Pour moi, "la marge" est un poste d'observation efficace en sciences sociales aussi important que ceux "de l'extérieur" et "de l'intérieur" dont on parle tant. Et cela vaut non seulement pour l'Afrique, mais pour toute communauté humaine. Depuis près de vingt ans que je vis en Europe, je suis très étonnée et constater qu'aussi bien des spécialistes des sciences sociales que les décideurs politiques occidentaux n'accordent pas à ce critère élémentaire l'attention qu'il mérite.
Cette situation est à déplorer. Ils pourraient profiter positivement de la présence des étrangers sur leur territoire pour engager un dialogue interculturel d'un niveau élevé, en les consultant par exemple lorsqu'il y a des problèmes dans le pays. Car, parmi ces personnes, certaines sont des adultes expérimentés dans divers secteurs de la vie, ayant occupé des postes de responsabilité dans leurs pays d'origine et connaissant parfaitement les différentes facettes de leurs cultures et de la culture du pays où ils vivent. Ils peuvent, pour certaines situations, donner un avis pertinent, mettant en lumière ce qu'un natif ne percevrait pas.
Le lieu d'où l'on observe les faits -- dedans, dehors et en marge -- peut, dans certains cas, exiger une différence non négligeable dans les approches méthodologiques en sciences sociales et révéler des aspects intéressants.
Quelques suggestions. |
Je voudrais maintenant, dans cette section, livrer quelques suggestions : certaines s'adressent particulièrement au chercheur ou étudiant africain en sciences sociales, d'autres au chercheur non-africain, d'autres encore à toute personne que la question des sciences sociales intéresse.

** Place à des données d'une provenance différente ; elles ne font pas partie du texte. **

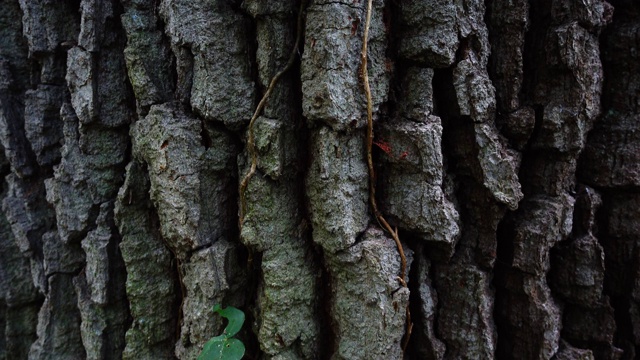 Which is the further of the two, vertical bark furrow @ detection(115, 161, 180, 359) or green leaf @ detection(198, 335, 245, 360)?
vertical bark furrow @ detection(115, 161, 180, 359)

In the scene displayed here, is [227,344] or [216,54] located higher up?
[216,54]

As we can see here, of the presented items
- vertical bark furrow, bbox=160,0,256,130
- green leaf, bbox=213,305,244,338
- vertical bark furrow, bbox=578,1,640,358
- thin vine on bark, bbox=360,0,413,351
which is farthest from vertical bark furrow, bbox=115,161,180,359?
vertical bark furrow, bbox=578,1,640,358

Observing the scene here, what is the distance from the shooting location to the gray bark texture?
3.60 ft

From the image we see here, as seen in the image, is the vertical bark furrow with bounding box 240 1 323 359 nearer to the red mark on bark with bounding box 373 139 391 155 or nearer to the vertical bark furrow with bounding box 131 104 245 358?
the vertical bark furrow with bounding box 131 104 245 358

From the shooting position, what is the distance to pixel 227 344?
1.13m

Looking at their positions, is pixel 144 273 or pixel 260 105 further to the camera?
pixel 144 273

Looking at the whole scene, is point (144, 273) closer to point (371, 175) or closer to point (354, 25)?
point (371, 175)

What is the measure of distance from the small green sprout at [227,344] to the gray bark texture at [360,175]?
0.14 ft

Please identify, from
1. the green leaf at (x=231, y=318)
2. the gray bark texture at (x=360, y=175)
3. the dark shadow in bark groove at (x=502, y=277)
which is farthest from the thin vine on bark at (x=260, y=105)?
the dark shadow in bark groove at (x=502, y=277)

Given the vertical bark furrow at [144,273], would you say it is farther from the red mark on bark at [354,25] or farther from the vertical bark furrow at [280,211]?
the red mark on bark at [354,25]

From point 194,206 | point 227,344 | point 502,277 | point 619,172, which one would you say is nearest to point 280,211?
point 194,206

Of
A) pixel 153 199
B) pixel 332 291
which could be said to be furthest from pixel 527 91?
pixel 153 199

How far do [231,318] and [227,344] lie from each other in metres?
0.07

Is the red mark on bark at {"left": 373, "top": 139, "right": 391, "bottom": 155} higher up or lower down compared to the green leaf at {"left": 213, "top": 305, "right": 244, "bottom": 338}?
higher up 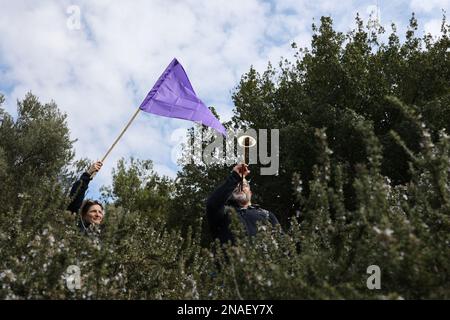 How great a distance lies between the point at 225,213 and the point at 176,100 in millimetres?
2820

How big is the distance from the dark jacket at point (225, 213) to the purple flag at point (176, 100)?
75.4 inches

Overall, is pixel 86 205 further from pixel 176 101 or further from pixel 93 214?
pixel 176 101

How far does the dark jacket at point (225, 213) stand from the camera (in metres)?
4.69

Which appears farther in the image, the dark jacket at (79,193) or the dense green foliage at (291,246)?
the dark jacket at (79,193)

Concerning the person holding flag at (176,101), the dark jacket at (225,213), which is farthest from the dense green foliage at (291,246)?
the person holding flag at (176,101)

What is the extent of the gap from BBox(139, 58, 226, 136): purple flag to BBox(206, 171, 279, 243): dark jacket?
192 centimetres

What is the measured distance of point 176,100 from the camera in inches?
287

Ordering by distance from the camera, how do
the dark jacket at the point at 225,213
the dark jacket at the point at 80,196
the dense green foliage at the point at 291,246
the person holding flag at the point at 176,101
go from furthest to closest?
the person holding flag at the point at 176,101, the dark jacket at the point at 80,196, the dark jacket at the point at 225,213, the dense green foliage at the point at 291,246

Pour le chercheur africain, le conseil le plus important que je pourrais lui donner en tenant compte de mon expérience est celui-ci : s'il veut faire des études en sciences sociales africaines, le meilleur lieu pour concrétiser son projet est l'Afrique.
Certes, on n'est pas toujours maître de son destin : les circonstances de la vie font qu'on peut se trouver là où on n'avait pas pensé un jour aller et d'y passer le reste de son existence. Mais si, dans son pays d'origine, il y a une Université qui possède des disciplines de sciences humaines et que sa vie n'y est pas en danger, il ferait un travail utile en étudiant, en prise directe avec les réalités de son pays. De plus, le fait de ne pas avoir accès à tout ce qu'on dit ou écrit sur l'Afrique en Europe ou en Amérique peut le conduire à exploiter les ressources de son imagination créatrice propres et à se référer aux interprétations locales. Ce qui, finalement, peut déboucher sur la mise au point de méthodologies plus axées sur les réalités telles qu'elles sont vécues et perçues par leurs utilisateurs, et non comme elles sont découpées dans des écoles de pensée sur d'autres continents.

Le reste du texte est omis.